Inscription : 07 Sep 2008 15:55
Message(s) : 2683
Les historiens essaient de mieux comprendre la cité grecque sous la domination romaine. Vous connaissez sans doute le nom et l'œuvre de Maurice Sartre.

Je voudrais aussi vous signaler cette étude : "La cité grecque d'époque impériale : vers une société d'ordres ?"


"Loin d’être aussi statiques qu’on l’a longtemps pensé, les sociétés civiques grecques de l’époque impériale sont surtout conscientes de leur particularisme et très attachées à l’héritage de leur histoire séculaire, qu’elles continuent à faire vivre au sein d’un monde peut-être moins romanisé que « globalisé ».

Prises dans cette dialectique entre l’échelle globale et l’échelle locale, elles reconnaissent la domination de Rome tout en continuant à se percevoir comme des entités politiques à part entière, et non comme de simples unités administratives au sein d’un empire centralisé.
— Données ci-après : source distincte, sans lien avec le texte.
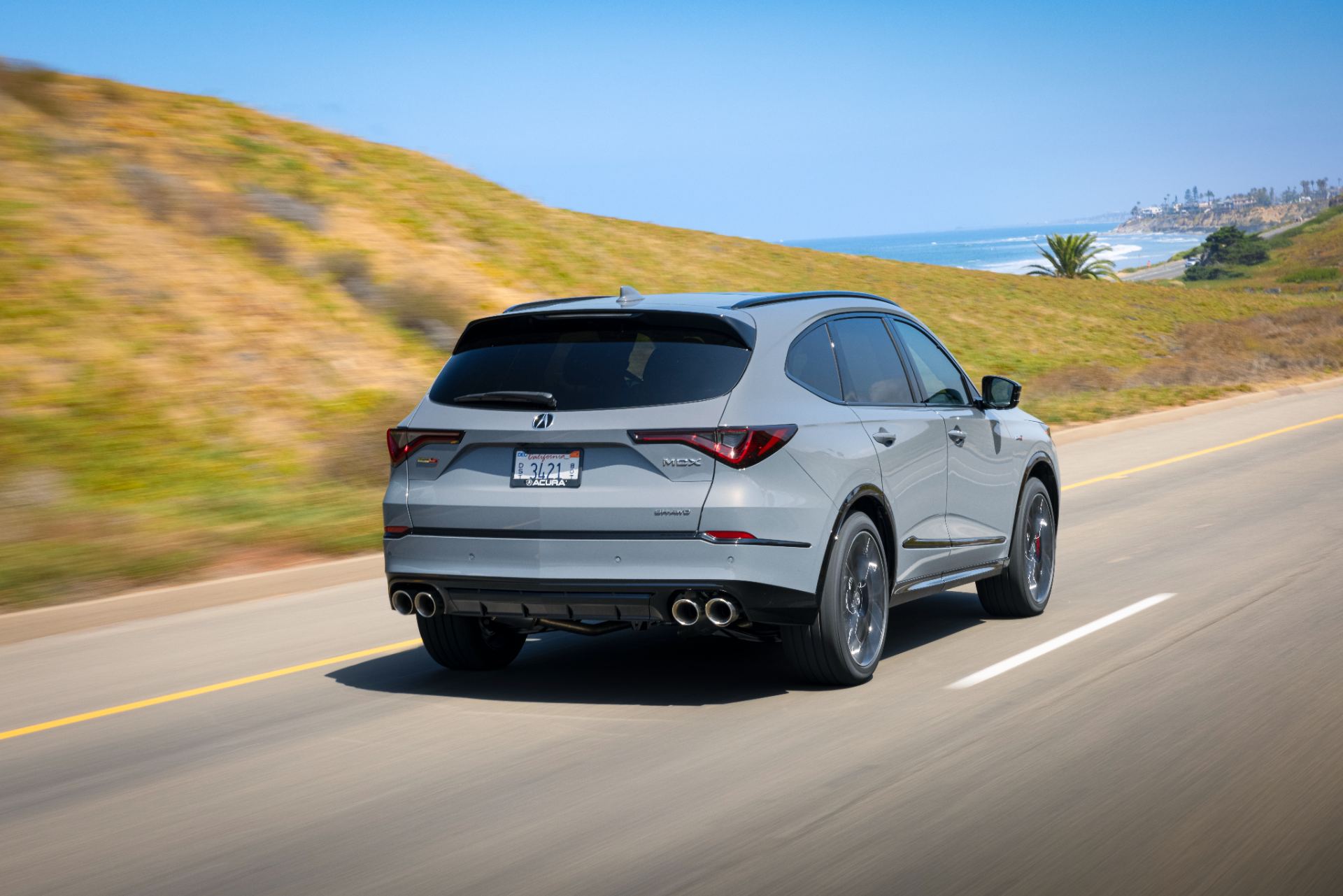 acura mdx type s driving rear three quarter coastal road grey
Les textes officiels qu’elles produisent (par le biais des inscriptions, mais aussi des monnaies) peuvent ainsi être étudiés non seulement pour les mécanismes institutionnels et décisionnels qu’ils permettent de reconstituer, mais aussi pour le discours qu’ils véhiculent et les représentations qu’ils construisent.

Certains historiens de l’époque hellénistique ont déjà mis en œuvre une telle approche des sources épigraphiques, dépassant le cadre strict de l’histoire des institutions pour proposer une forme d’histoire totale (sociale, culturelle, politique, idéologique...) 

C’est notamment en appliquant la même démarche aux nombreuses inscriptions provenant de l’Orient romain que l’on peut tenter de renouveler notre connaissance des cités sous le Haut-Empire. La cité grecque n’est pas morte à Actium, et son histoire après l’instauration du principat reste encore en partie à (ré)écrire."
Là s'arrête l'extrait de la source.